After Thursday's big health care discussion among the President, leading Democrats, and leading Republicans, not much has changed. Republicans are claiming victory, but how silly is it to suggest the Democratic initiative for the talks, issued weeks in advance with full public discussion of the public and political goals, could be an "ambush?" Or, with that much advance notice, how dumb would Republicans have to be to walk into such an "ambush?" (Don't answer that!)
Democrats are claiming victory, but the suggestion that Obama was professorial, or put the Republicans in their place like errant children, is not necessarily a positive. Americans generally don't want intelligence in their Presidents; they prefer a studied indifference to "book-l'arnin'" (thus Bush over Gore, Eisenhower over Stevenson) or someone who can successfully disguise the fact that he has any (Clinton made people believe that "Rhodes Scholar" meant he had worked for the Arkansas Highway Department during his high school years).
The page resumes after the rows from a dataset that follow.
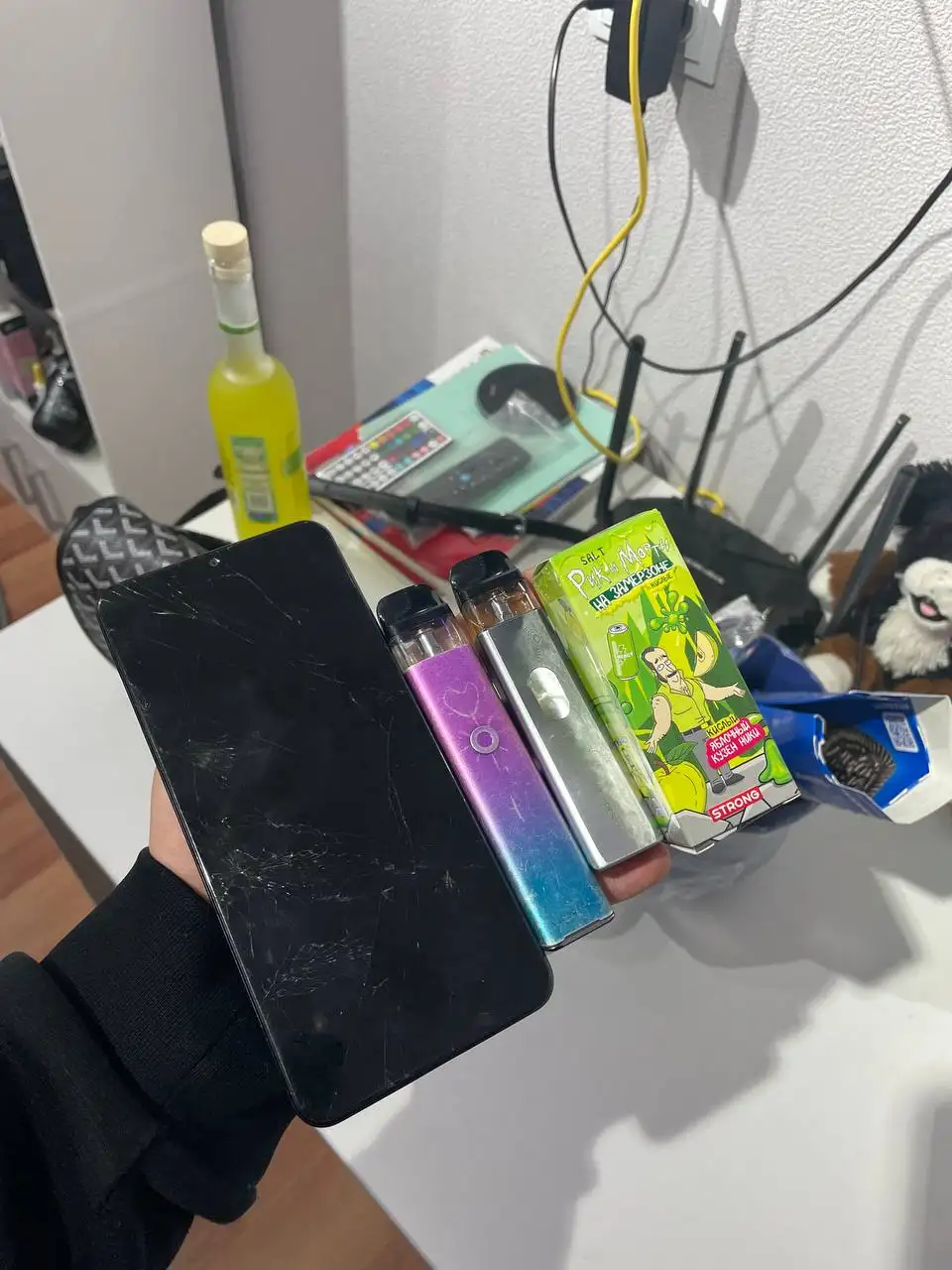 Продажа/обмен игровых приставок Xbox и телефона realme - Игровые приставки (Электроника) в Омск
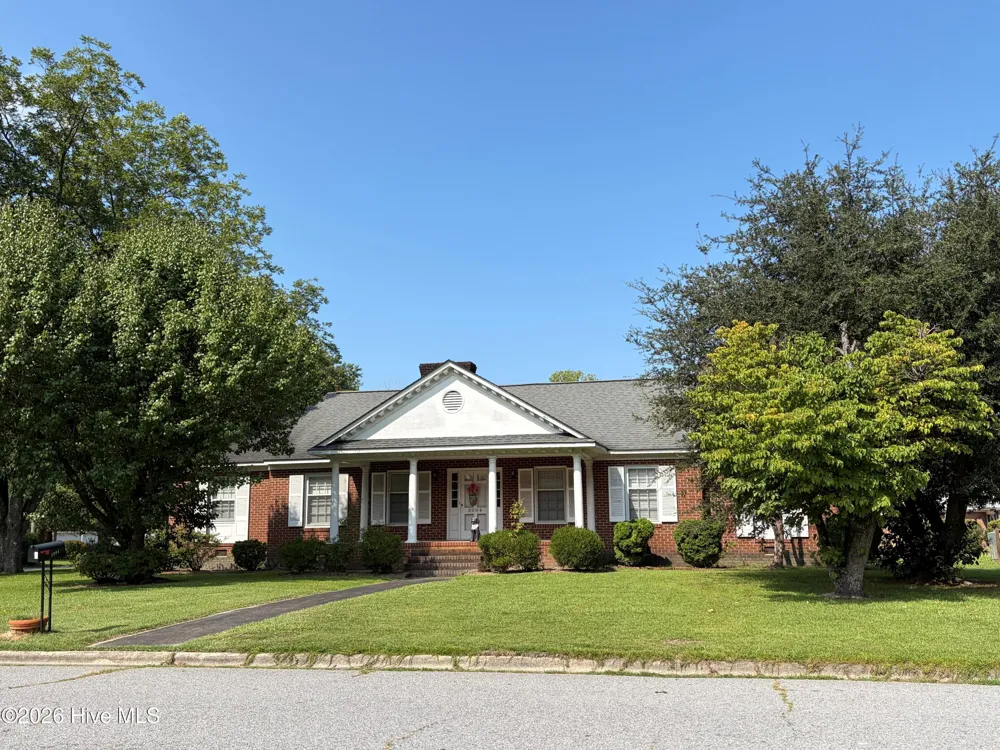 3004 S Elm Street Greenville, NC 27858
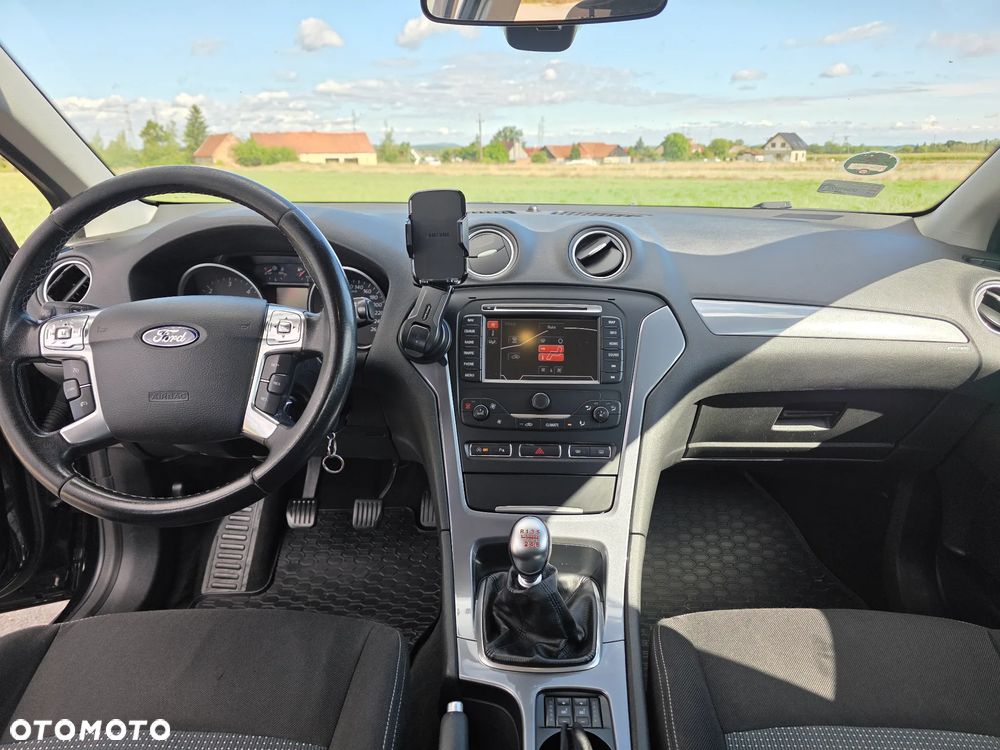 Ford Mondeo 1.6 TDCi Ambiente - 20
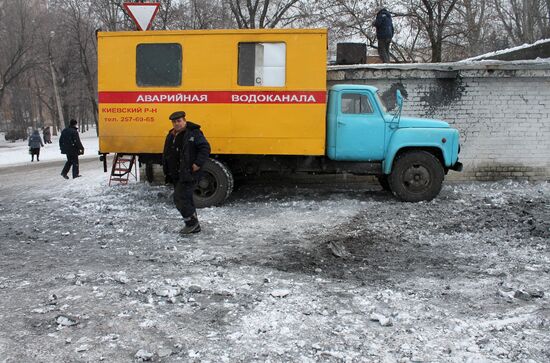 Aftermath of last night's shelling in Donetsk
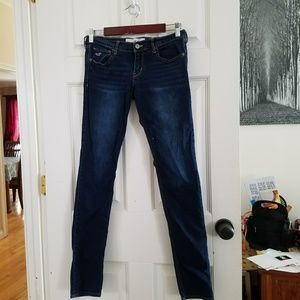 Hollister 7L jeans 28w 33L 8 inch rise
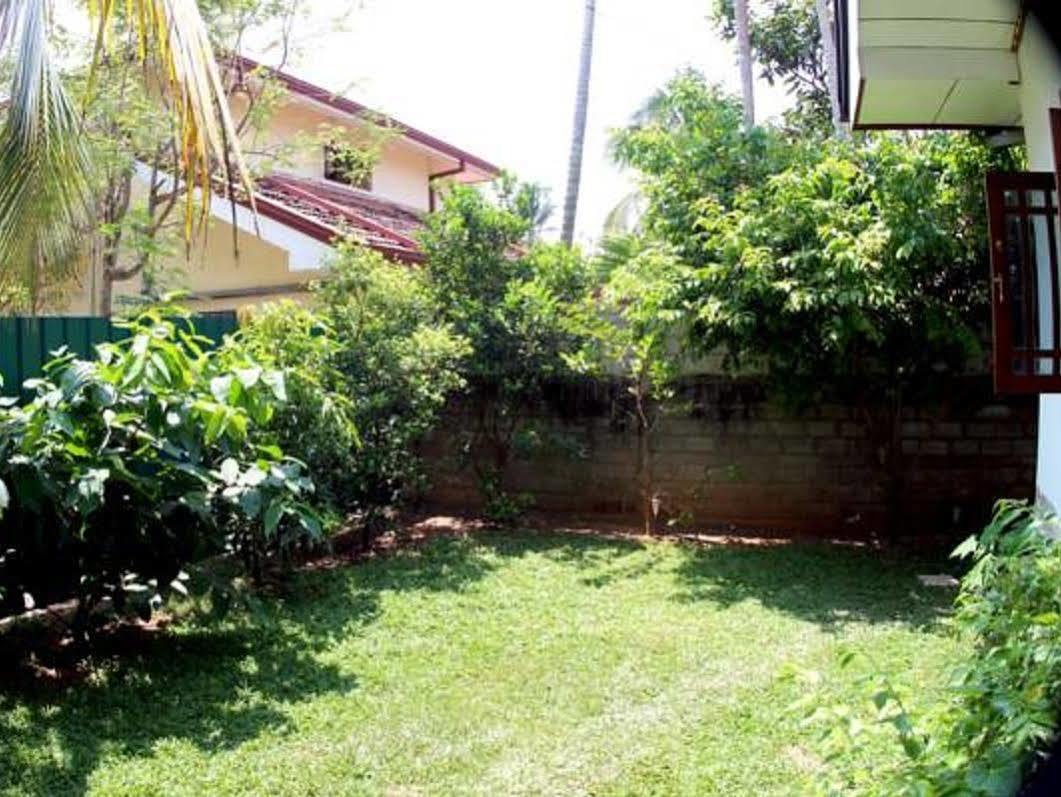 The Hermitage Negombo Kurana Katunayaka Exterior photo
Politically, it seems the Democrats gained the edge (and it would be odd if they didn't, with the benefit of an incumbent President leading the discussion) - enough to demonstrate the utter uninterestedness of Republican leaders in making any but the most minor cosmetic changes in health care. They now have a little political cover for proceeding down the reconciliation path, if they can get their recalcitrant blue dogs to get on board.